Sin embargo, gracias a grandes maestros y a mi dedicación por la lectura, aprendí que detrás de cada función de la empresa hay una persona que logra resultados, que las funciones se gestionan pero las personas se lideran y que el éxito era facilitar el crecimiento de estas.

Además, nunca me enseñaron a inspirar ni a cuidar de ellas, pero aprendí que para inspirar hay que abrir el corazón y para cuidar a las personas hay que hacerlas sentir importantes.

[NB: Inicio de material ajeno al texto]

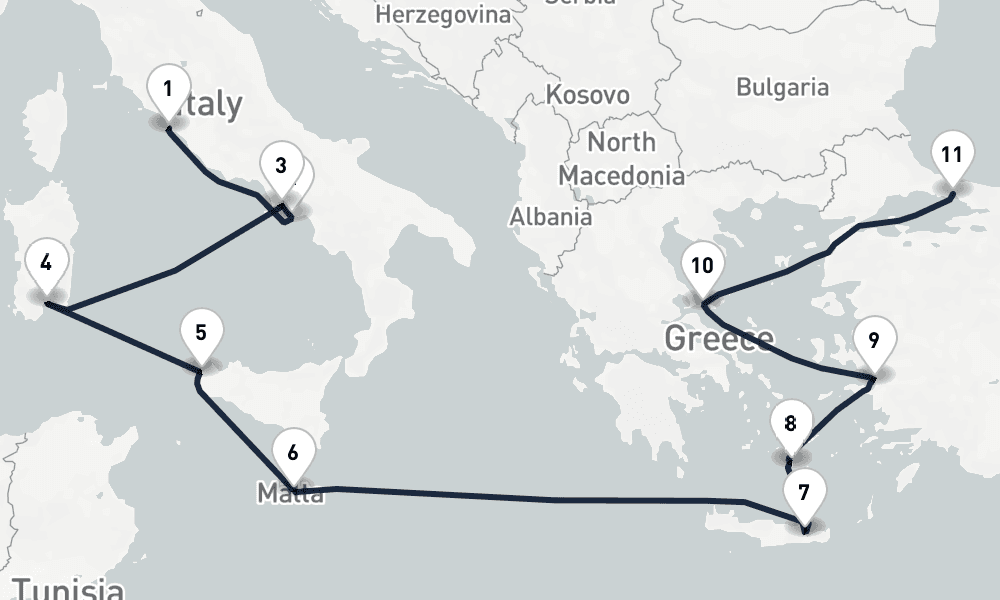 12 days, one-way from Civitavecchia-Rome to Istanbul 13日間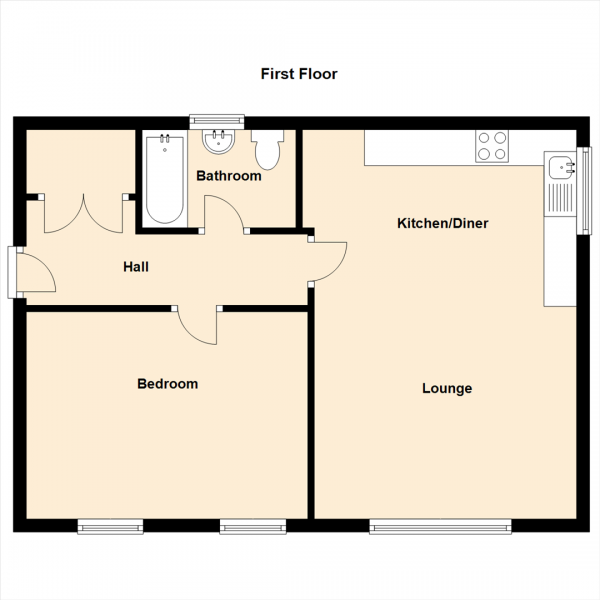 Floor Plan Image for 1 Bedroom Apartment for Sale in North Side, Gateshead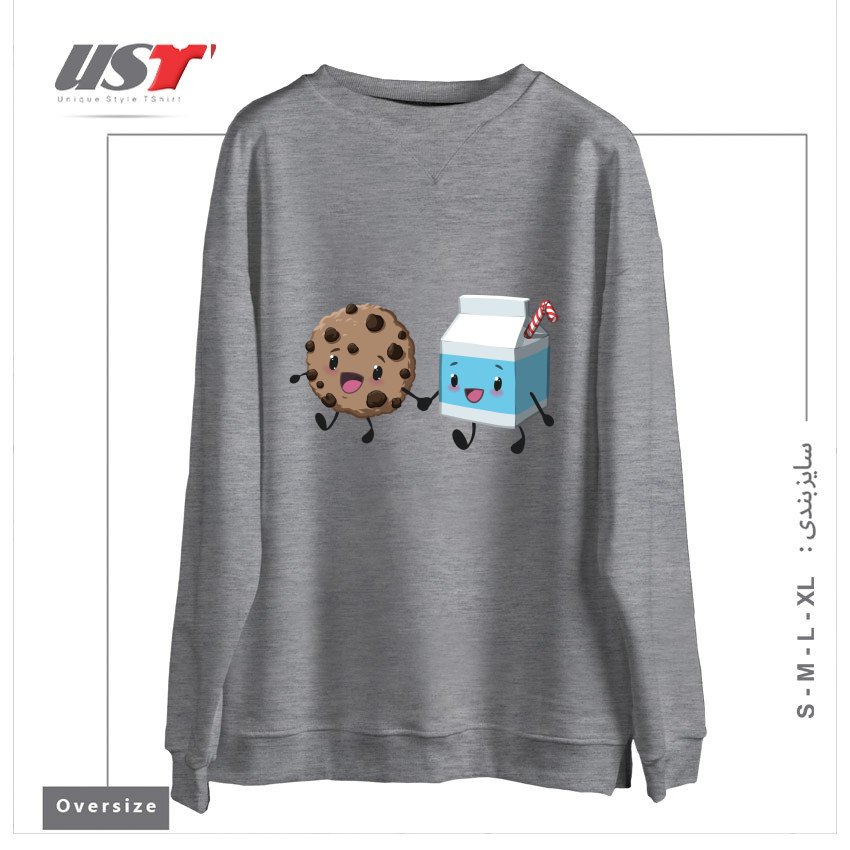 طرح COOKIES & MILK سوییشرت اورسایزرنگ طوسی ملانژ
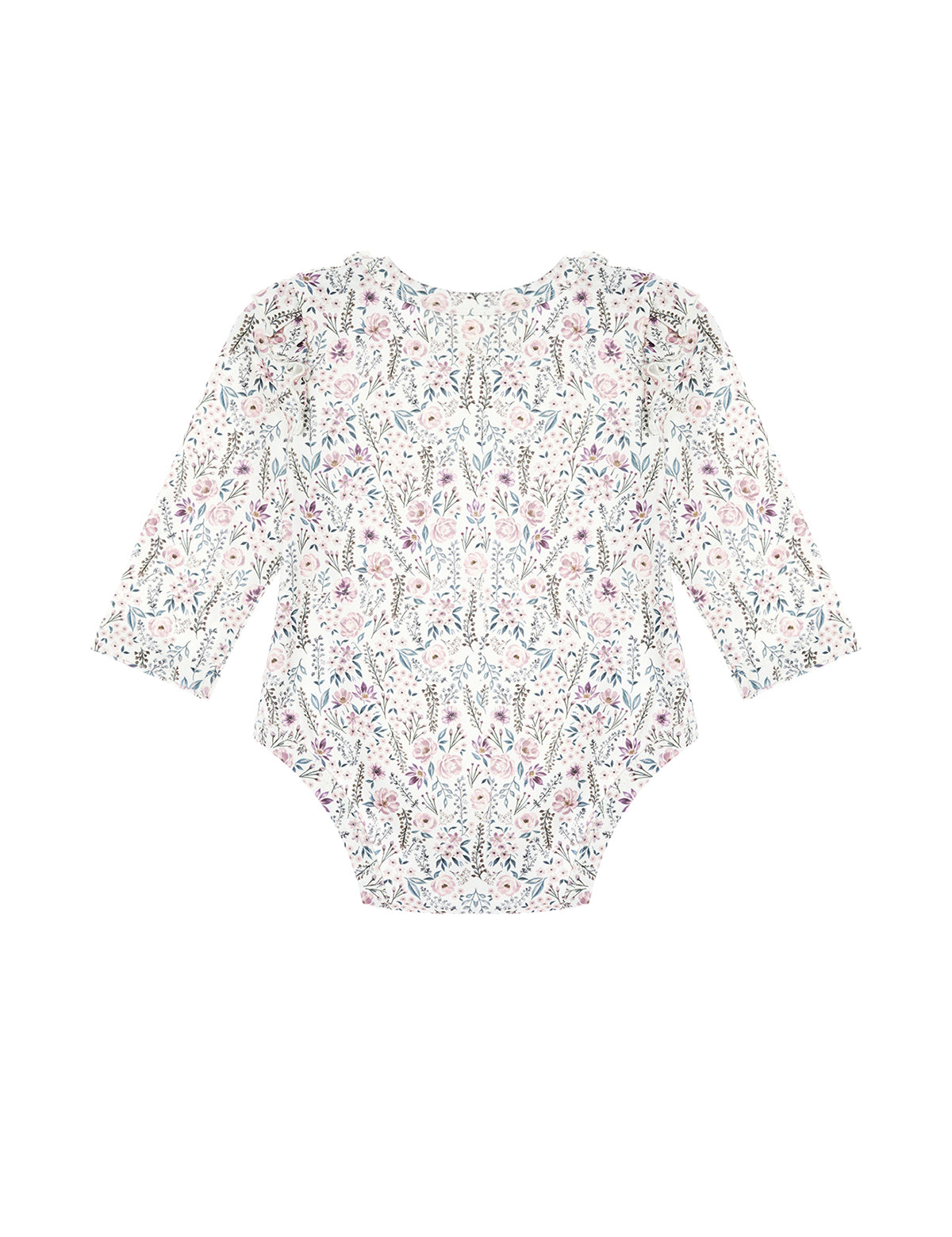 Soft Meadow Long Sleeve Floral Ruffle Trim Bodysuit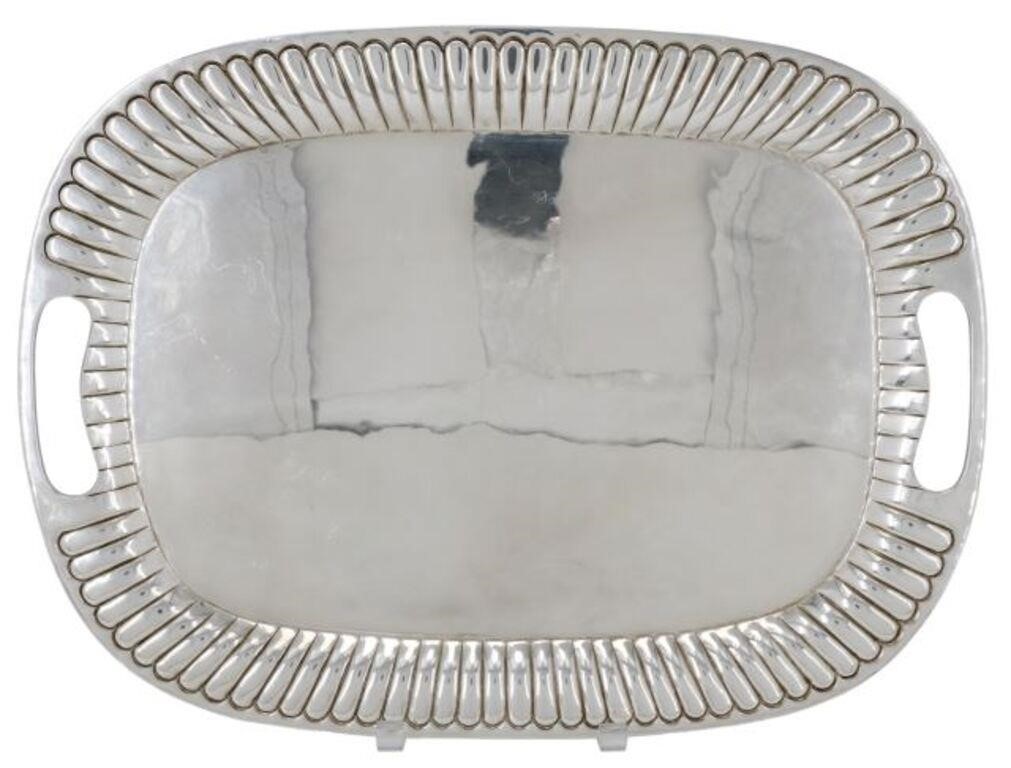 Appraisal: Modernist sterling silver serving tray Mexico with repousse gadrooned rim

Con esas ideas aprendidas me convertí en CEO de una compañía y las apliqué, logrando una cultura organizacional sustentada en valores y con foco en las personas mientras éramos rentables.

Pero después de seis años, me echaron. Y como cuando echan a un CEO hay que ponerle un abogado, yo también tuve uno en mi oficina mientras recogía mis cosas. Durante ese proceso, entraban personas a despedirse, me abrazaban tristes y con algunas lágrimas. Ese fue uno de los momentos más emotivos de mi vida.

Cuando nos quedamos solos el abogado me dijo: “Estuve en muchas situaciones como esta, nunca vi nada igual. Debes haber hecho un gran trabajo”

Ese día entendí de que se trata el Liderazgo, que significa el éxito y que lo aprendido de grandes maestros se puede hacer realidad.

Como dice Rachel Botsman: “Las compañías efectivas funcionan como comunidades de seres humanos, no como colecciones de recursos humanos.”

Estoy convencido, gracias a Bob Chapman CEO de Barry-Wehmiller, que los negocios pueden ser la fuerza más poderosa para el bien si los líderes aceptaran la asombrosa responsabilidad del liderazgo: cuidar, desarrollar y reconocer a quienes lideran. De adoptar esta responsabilidad, las personas volverán diariamente a sus casas con el orgullo de sentirse valiosas, lo que impactará en sus relaciones familiares y, por ende, la comunidad y el país donde viven mejoran.

El vehículo para lograrlo es la construcción de empresas conscientes cuyo propósito sea producir felicidad a largo plazo a través del servicio.

Para finalizar, les dejo dos preguntas para reflexionar:

  • ¿Cuántos de Uds. quieren que los jefes de sus hijos los maltraten, estresen, les paguen injustamente, no los reconozcan y los castiguen? Seguramente, como la mayoría de los mortales, ninguno querrá que eso suceda.

  • Por lo tanto, piensen que las personas que lideran son hijos de alguien que desea lo mismo que Uds. desean para sus hijos y cuestiónense, ¿Cómo estás tratando a las personas que lideras?